[DATA SECTION]:

————

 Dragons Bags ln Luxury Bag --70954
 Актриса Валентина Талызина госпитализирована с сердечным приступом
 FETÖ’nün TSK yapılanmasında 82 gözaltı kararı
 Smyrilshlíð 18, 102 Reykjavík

————

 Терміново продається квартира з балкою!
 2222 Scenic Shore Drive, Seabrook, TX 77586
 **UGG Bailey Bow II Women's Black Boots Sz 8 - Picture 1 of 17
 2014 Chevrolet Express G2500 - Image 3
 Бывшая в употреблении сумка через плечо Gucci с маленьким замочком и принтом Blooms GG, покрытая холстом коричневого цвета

————

[HOW TO COMPLETE THIS TASK]:
Look above for the line with "Dragons Bags ln Luxury Bag --70954" and the line with "Smyrilshlíð 18, 102 Reykjavík". Retype those two lines and every line between them exactly, adding nothing.

[TASK RESULT]:
 Dragons Bags ln Luxury Bag --70954
 Актриса Валентина Талызина госпитализирована с сердечным приступом
 FETÖ’nün TSK yapılanmasında 82 gözaltı kararı
 Smyrilshlíð 18, 102 Reykjavík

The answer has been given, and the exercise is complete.